→ **Task item**
Every line below is to be given again precisely; images are to be left out.

→ **Supplied material**
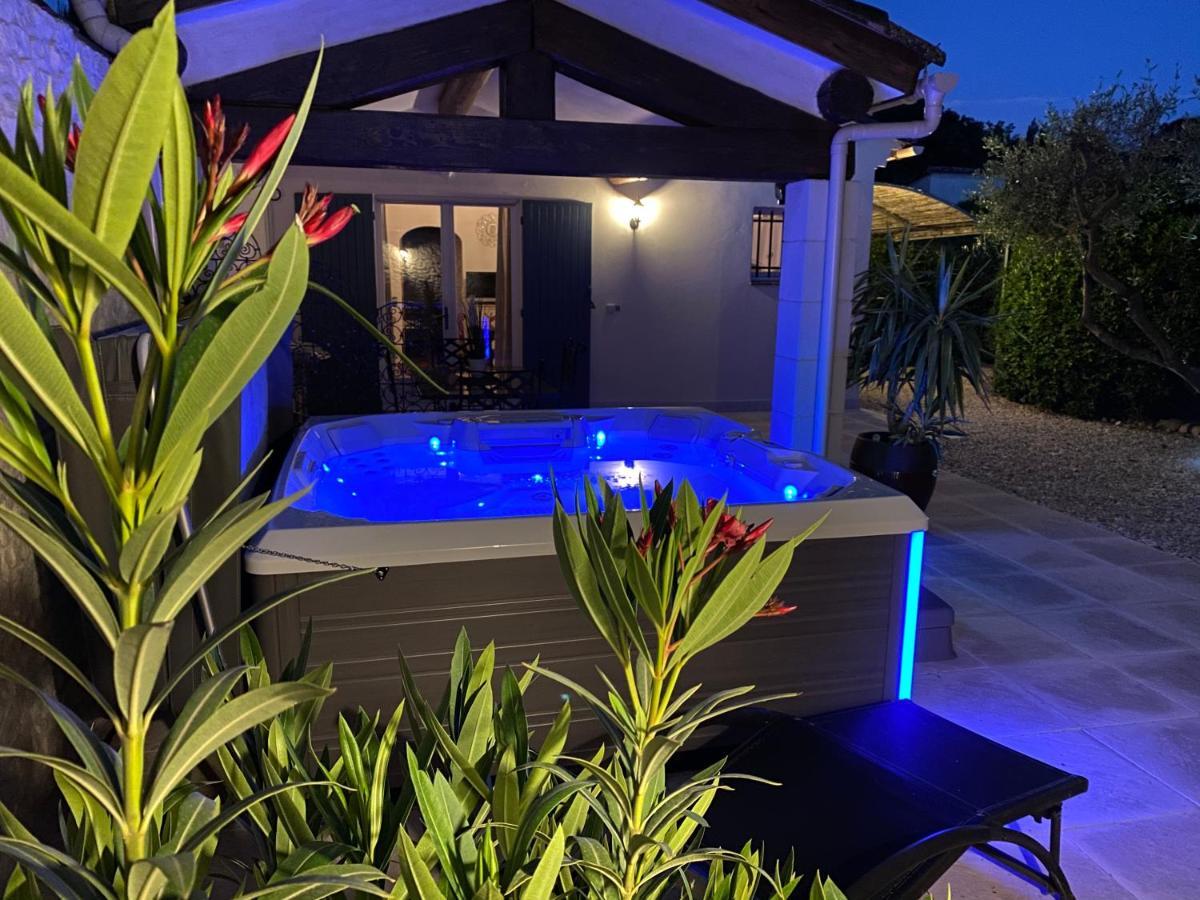 Mas Beau Soleil & Spa Cottages De Charme Avec Jacuzzi&Jardin Prives Saint-Rémy-de-Provence Exteriör bild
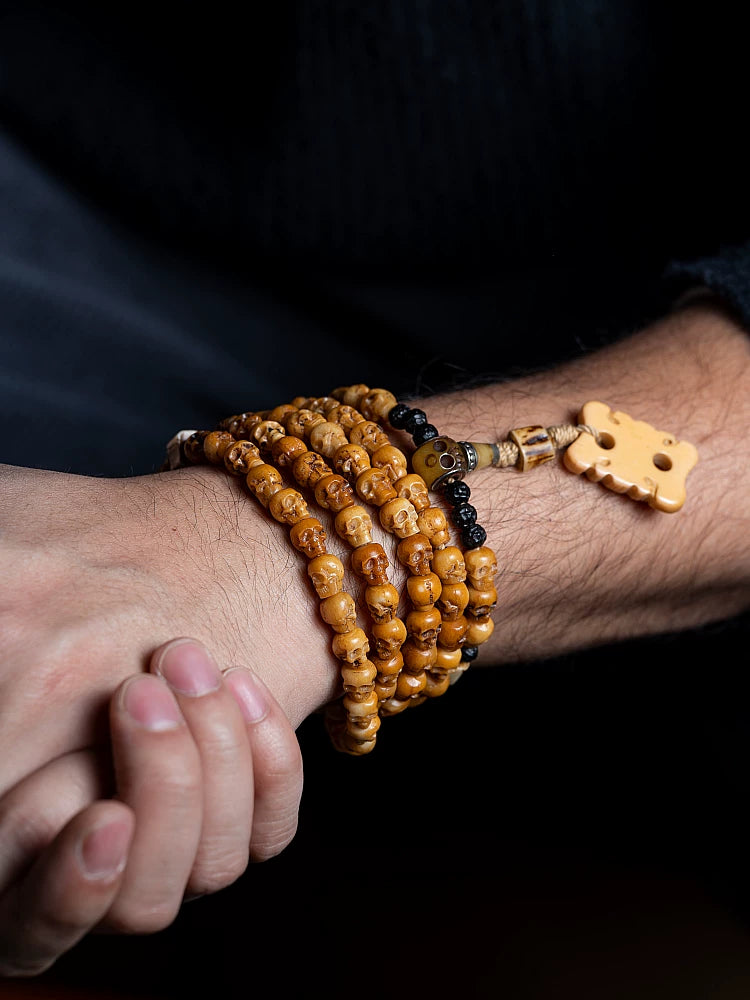 Guangzhuo Hand Carved Skull 108 Mala Prayer Beads Bracelet Authentic Tibetan Natural Yak Bone Mala Beads Necklace Handmade Mens Meditation Tibetan Buddhist Rosary Wrist Bracelet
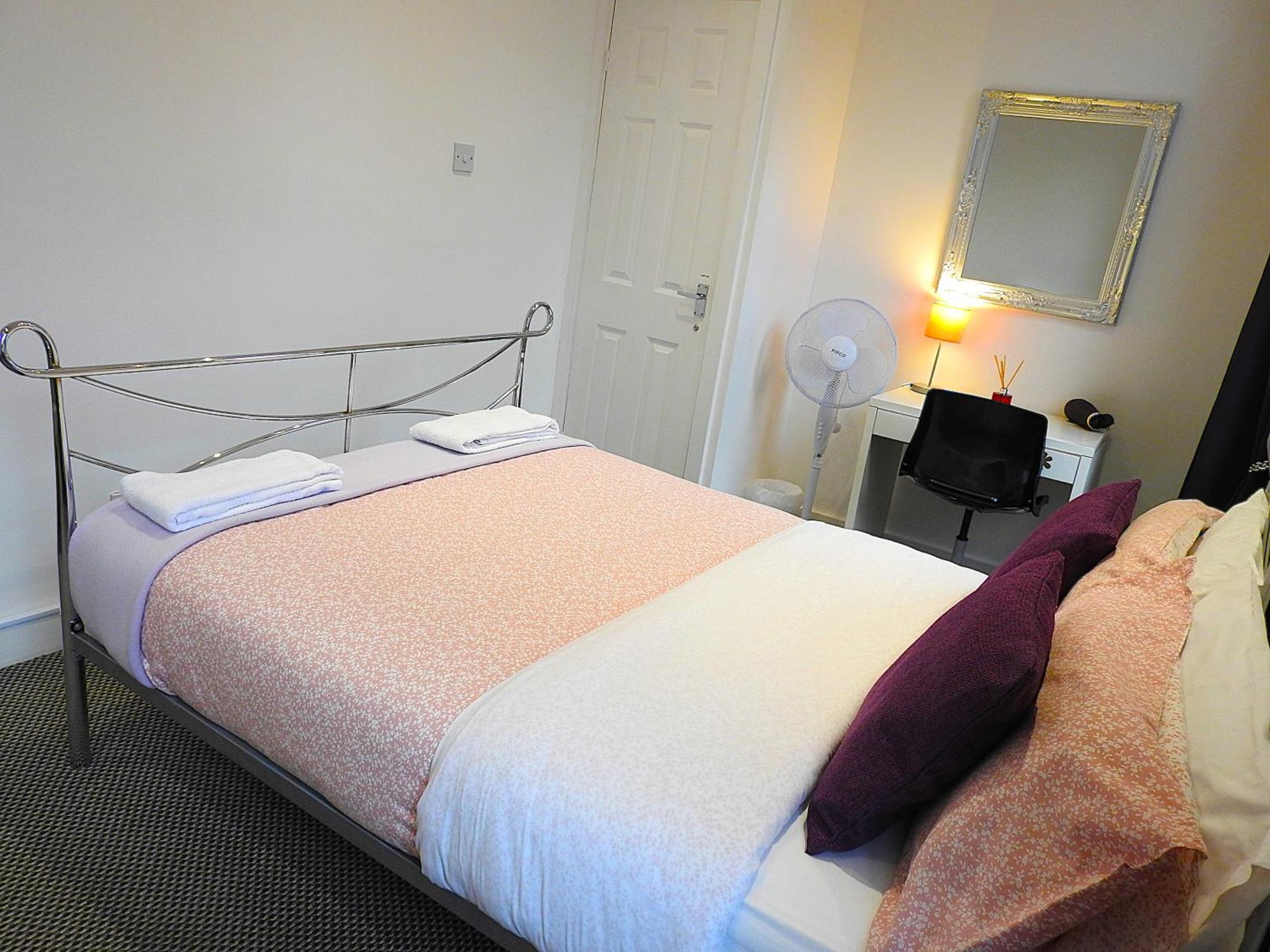 Make Yourself At Home! 34aa Leeds (West Yorkshire)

→ **Solution to this task**
 Mas Beau Soleil & Spa Cottages De Charme Avec Jacuzzi&Jardin Prives Saint-Rémy-de-Provence Exteriör bild
 Guangzhuo Hand Carved Skull 108 Mala Prayer Beads Bracelet Authentic Tibetan Natural Yak Bone Mala Beads Necklace Handmade Mens Meditation Tibetan Buddhist Rosary Wrist Bracelet
 Make Yourself At Home! 34aa Leeds (West Yorkshire)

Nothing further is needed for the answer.